Эти места — начиная от Нахичеванского рынка и заканчивая вокзалом — я знал до миллиметра. Энгельса, Ворошиловский, Буденновский, Богатяновка, которая была Кировским, и где, если идти вверх, стояли тогда крошечные дома, чуть ли не мазанки. Потом я узнал, что там еще есть ипподром, а напротив пересыльная тюрьма. Это я тоже воспел: «А жизнь блатная с детских лет нам всем была знакома, и Богатяновку свою боготворили мы, и попадали из тюрьмы в объятья ипподрома, а от него рукой подать обратно до тюрьмы».

Мама потом меня спрашивала: «Дорогой мой Ванечка, тебе было 8 лет, когда мы уехали из Ростова, откуда, скажи мне, душа моя, ты знаешь про все эти тюрьмы?!» — «Не знаю, мама, откуда. Откуда-то знаю».

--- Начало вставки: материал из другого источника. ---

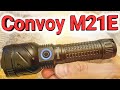 Convoy M21E thrower Type C charging 21700 budget flashlight trail trek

Я с детства чувствовал семейную сплоченность людей вокруг: знакомые папы и мамы, соседи, родные, — у нас был большой круг общения. Когда мы гуляли с бабушкой, а она и так шла медленно, хромала после полиомиелита, то останавливались каждые пять минут. Бабушку все знали, и начиналось: ля-ля-тополя, то с одним, то с другим. Всегда у них было о чем поговорить. А я тянул ее дальше.

Я сейчас читаю, как народ сетует, что старый Ростов мало-помалу исчезает, и переживаю. Я-то долго всем рассказывал в Москве, что, мол, надо брать пример с моего родного города. Потому что, когда я в молодости приезжал и гулял по центру, у меня не было ощущения, что прошло десять, двадцать, тридцать лет. Он был все тот же.

Конечно, исчезло многое. Например, наш магазин, «Водник». Напротив него была будочка «Мелкий ремонт и чистка обуви», там работал сапожник дядя Гриша, и бабушка, идя в магазин, всегда оставляла меня у него. До сих пор помню этот запах кожи, клея, чего-то терпкого и нагретого. Для меня это мир настолько живой и наполненный энергией, что, когда я вдруг в Москве невероятно затосковал по Ростову, я стал писать о нем стихи.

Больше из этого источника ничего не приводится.